Só recentemente vim a perceber que parte do desprezo a que o Palácio de Justiça foi votado advém do facto de ter sido construído com dinheiro obtido com a exploração do Congo, onde foram cometidas terríveis atrocidades pelos belgas.

Que os livros nos levam a viajar não é novidade nenhuma. Já muitos escreveram acerca da sua capacidade de nos transportar para lugares ou tempos distantes – se não fisicamente, pelo menos na imaginação.

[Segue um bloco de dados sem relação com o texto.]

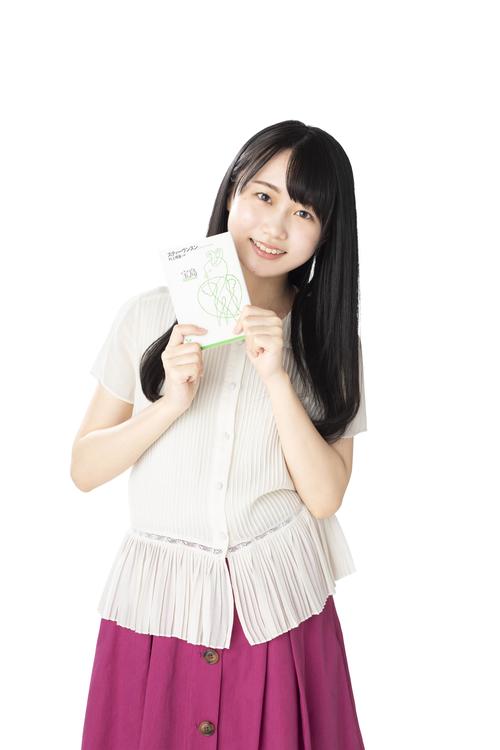 「乃木坂文庫」フェアで「宝島」を担当する矢久保美緒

O que nunca me tinha acontecido era meter-me num avião para visitar uma cidade, como fiz recentemente, por causa de um livro. De facto, foi depois de ter lido uma passagem do romance Passos Perdidos, de Paulo Varela Gomes, que meti na cabeça que um dia haveria de visitar a ilha de Malta. «La Valletta é a cidade mais bonita do mundo», diz uma das personagens. Na altura, numa entrevista por email ao autor (que já se encontrava demasiado doente para responder de outra forma), perguntei-lhe se essa era também a sua opinião: «Sim. Tenho o meu top 10 de cidades do mundo – toda a gente tem, se pensar nisso. Valletta está em primeiro lugar seguida de Paris e do Rio». Por estes dias pude verificar porquê.

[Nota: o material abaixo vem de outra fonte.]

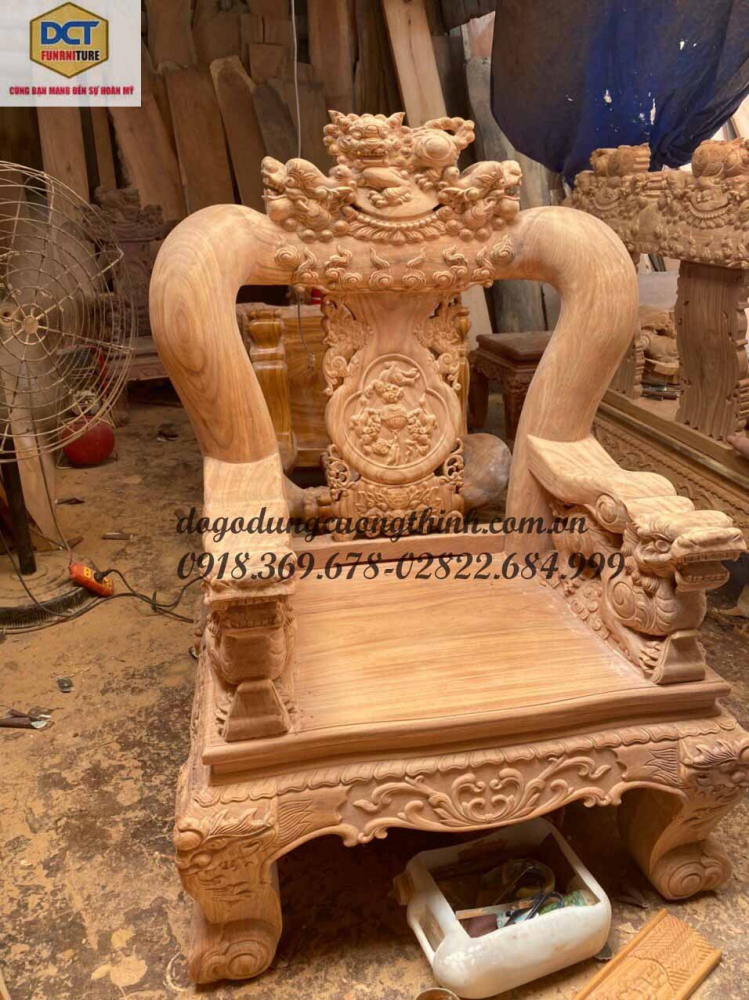 salon-phong-khach-chạm -nghe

Curiosamente, Passos Perdidos fala também daquele que é considerado um dos edifícios mais feios do mundo, o Palácio de Justiça de Bruxelas. Em bom português, um tremendo mamarracho. Pelo menos assim me foi apresentado quando o vi pela primeira vez. Estávamos na capital belga numa viagem de estudo, e um dos meus colegas perguntou ao professor que edifício era aquele. Convém referir que o Palácio de Justiça é tão monumental – gigantesco talvez seja um adjetivo mais adequado – que a sua cúpula, a cem metros de altura, se avista a partir de quase toda a cidade. Mesmo assim foi preciso o meu colega perguntar para o professor se dignar referir-se-lhe. Até aí, tinha-o ignorado, como se simplesmente não existisse ou fosse uma espécie de mancha cinzenta na cidade.

«Ah, aquela coisa horrível… É o Palácio de Justiça, o edifício mais feio do mundo». E mais não disse. De certo modo, fiquei aliviado por não ter sido eu a fazer a pergunta… Mas ao mesmo tempo esse desprezo não batia certo com o que eu tinha visto. Que raio! Uma construção centenária, importante, enorme (a maior da Europa feita no século XIX) – e tudo o que havia para dizer era aquilo?

Só recentemente vim a perceber que parte do desprezo a que o Palácio de Justiça foi votado advém do facto de ter sido construído com dinheiro obtido com a exploração do Congo, onde foram cometidas terríveis atrocidades pelos belgas.

Paulo Varela Gomes, que não esconde o seu fascínio pelo edifício, avança outra explicação: «Talvez só os norte-americanos possam valorizar o Palácio de Justiça […] porque foi feito à escala dos edifícios contemporâneos deles, mas também porque só na América foi verdadeiramente compreendida a arquitectura romana». Di-lo pela boca de C. Brandon, o protagonista, professor e estudioso, como ele, da história da arquitetura. No fundo, um alter ego do autor – que aproveitou estes Passos Perdidos para nos deixar a sua última lição.